- Task description
Without including any images, please transcribe all the lines below exactly.

- Data segment
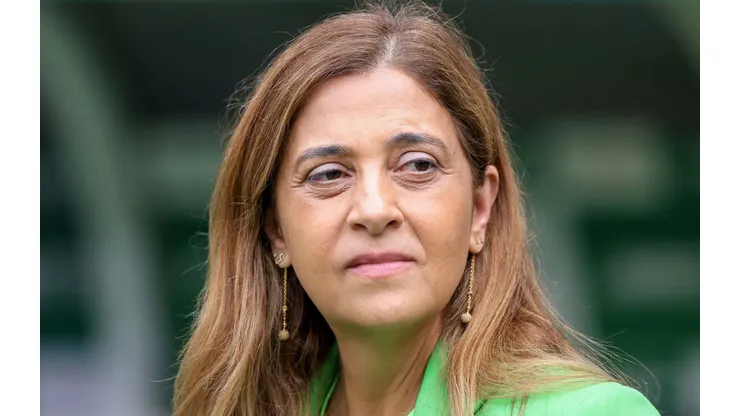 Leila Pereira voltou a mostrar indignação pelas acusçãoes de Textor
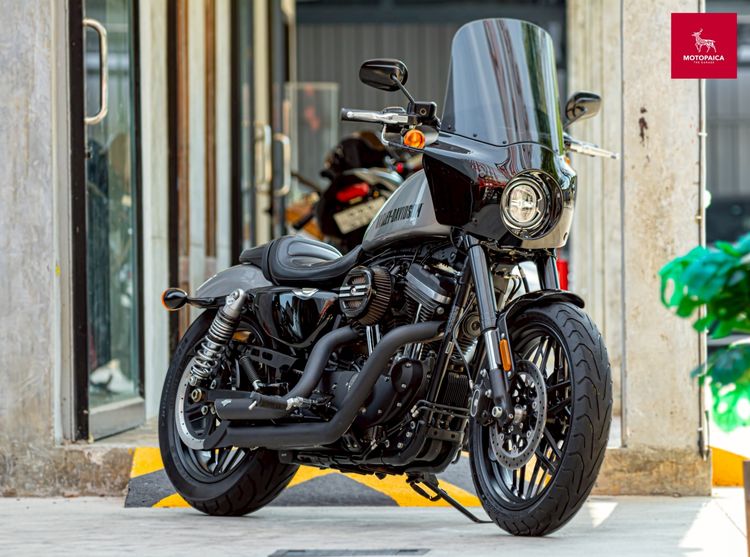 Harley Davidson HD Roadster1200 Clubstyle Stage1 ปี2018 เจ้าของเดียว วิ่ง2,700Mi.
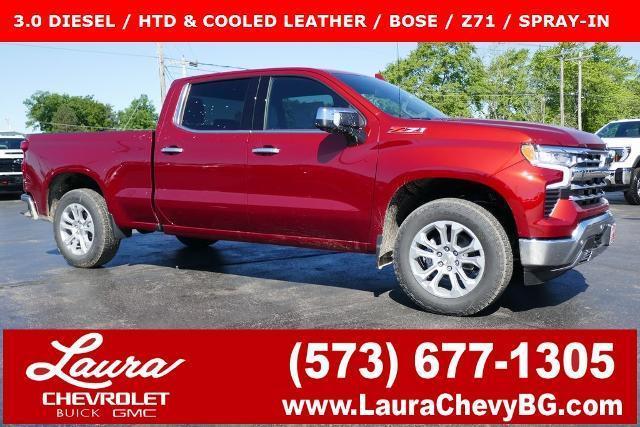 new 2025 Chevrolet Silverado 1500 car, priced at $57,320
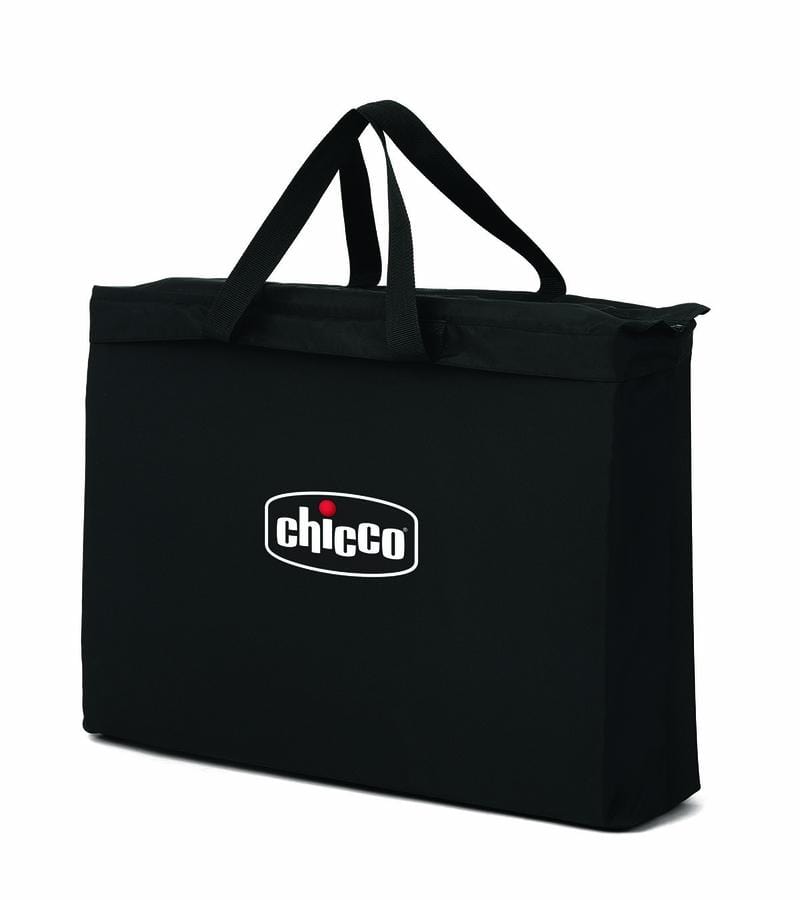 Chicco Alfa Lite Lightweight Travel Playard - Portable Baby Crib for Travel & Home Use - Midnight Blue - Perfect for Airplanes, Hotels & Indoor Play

- Final answer
 Leila Pereira voltou a mostrar indignação pelas acusçãoes de Textor
 Harley Davidson HD Roadster1200 Clubstyle Stage1 ปี2018 เจ้าของเดียว วิ่ง2,700Mi.
 new 2025 Chevrolet Silverado 1500 car, priced at $57,320
 Chicco Alfa Lite Lightweight Travel Playard - Portable Baby Crib for Travel & Home Use - Midnight Blue - Perfect for Airplanes, Hotels & Indoor Play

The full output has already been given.